- [WHAT IS NEEDED]
From the line below that contains "Dacia Duster 2015 prestige" to the line that contains "Damska bluza z", repeat every line exactly, both ends included, and nothing else.

- [INPUT RECORDS]
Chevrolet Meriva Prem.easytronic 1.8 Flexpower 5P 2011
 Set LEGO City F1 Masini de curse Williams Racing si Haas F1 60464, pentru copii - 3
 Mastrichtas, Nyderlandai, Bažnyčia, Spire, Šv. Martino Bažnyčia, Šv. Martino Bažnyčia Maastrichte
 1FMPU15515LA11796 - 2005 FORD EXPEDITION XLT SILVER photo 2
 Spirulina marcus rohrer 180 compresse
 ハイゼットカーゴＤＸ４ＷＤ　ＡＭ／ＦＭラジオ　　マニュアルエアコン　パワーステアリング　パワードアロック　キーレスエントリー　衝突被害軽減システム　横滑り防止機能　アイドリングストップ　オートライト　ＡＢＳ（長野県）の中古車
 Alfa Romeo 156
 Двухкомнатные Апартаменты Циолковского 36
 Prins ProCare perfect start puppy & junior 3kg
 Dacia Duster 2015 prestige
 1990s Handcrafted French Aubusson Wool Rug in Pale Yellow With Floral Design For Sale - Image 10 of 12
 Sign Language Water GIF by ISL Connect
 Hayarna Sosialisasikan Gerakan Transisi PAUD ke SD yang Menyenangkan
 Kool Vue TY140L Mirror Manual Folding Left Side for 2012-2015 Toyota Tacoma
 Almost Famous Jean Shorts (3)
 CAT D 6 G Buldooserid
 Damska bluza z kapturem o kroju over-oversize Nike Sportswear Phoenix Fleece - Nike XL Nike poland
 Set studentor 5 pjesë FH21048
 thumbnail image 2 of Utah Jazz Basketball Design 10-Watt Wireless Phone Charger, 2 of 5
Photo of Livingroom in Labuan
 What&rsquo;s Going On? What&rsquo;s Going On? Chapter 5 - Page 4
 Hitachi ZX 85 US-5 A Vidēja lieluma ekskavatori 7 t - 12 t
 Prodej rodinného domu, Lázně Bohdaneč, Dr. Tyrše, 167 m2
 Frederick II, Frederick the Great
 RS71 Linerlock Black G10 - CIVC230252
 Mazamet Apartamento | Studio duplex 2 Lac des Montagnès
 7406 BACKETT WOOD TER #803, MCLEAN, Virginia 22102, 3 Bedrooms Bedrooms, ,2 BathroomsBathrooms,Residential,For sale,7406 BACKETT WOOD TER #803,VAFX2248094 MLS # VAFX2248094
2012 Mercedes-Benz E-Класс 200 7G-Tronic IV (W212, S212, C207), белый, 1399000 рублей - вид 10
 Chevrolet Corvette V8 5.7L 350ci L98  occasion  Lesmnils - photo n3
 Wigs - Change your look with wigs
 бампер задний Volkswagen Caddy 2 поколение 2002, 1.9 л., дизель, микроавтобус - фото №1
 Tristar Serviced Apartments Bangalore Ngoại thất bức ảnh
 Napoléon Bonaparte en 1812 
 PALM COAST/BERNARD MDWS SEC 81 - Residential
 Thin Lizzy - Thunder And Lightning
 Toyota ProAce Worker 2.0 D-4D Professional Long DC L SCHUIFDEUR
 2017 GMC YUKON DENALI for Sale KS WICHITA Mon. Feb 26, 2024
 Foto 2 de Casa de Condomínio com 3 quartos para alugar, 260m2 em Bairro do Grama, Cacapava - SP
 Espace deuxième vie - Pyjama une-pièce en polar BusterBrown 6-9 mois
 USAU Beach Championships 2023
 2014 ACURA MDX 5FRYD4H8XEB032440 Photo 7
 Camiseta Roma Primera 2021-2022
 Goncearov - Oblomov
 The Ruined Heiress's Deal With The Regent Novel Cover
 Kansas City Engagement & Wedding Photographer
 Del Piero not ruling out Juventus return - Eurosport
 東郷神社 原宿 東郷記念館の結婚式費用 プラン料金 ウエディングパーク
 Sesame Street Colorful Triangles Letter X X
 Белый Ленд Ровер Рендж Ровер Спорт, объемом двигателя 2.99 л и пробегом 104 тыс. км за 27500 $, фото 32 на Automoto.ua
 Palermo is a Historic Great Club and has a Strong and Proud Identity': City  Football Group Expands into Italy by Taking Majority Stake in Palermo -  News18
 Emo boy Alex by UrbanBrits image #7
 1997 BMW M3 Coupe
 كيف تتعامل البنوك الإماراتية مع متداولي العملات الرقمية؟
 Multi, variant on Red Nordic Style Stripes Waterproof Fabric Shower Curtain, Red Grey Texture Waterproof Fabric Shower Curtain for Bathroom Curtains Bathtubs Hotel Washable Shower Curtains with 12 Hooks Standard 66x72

- [WRITTEN ANSWER]
 Dacia Duster 2015 prestige
 1990s Handcrafted French Aubusson Wool Rug in Pale Yellow With Floral Design For Sale - Image 10 of 12
 Sign Language Water GIF by ISL Connect
 Hayarna Sosialisasikan Gerakan Transisi PAUD ke SD yang Menyenangkan
 Kool Vue TY140L Mirror Manual Folding Left Side for 2012-2015 Toyota Tacoma
 Almost Famous Jean Shorts (3)
 CAT D 6 G Buldooserid
 Damska bluza z kapturem o kroju over-oversize Nike Sportswear Phoenix Fleece - Nike XL Nike poland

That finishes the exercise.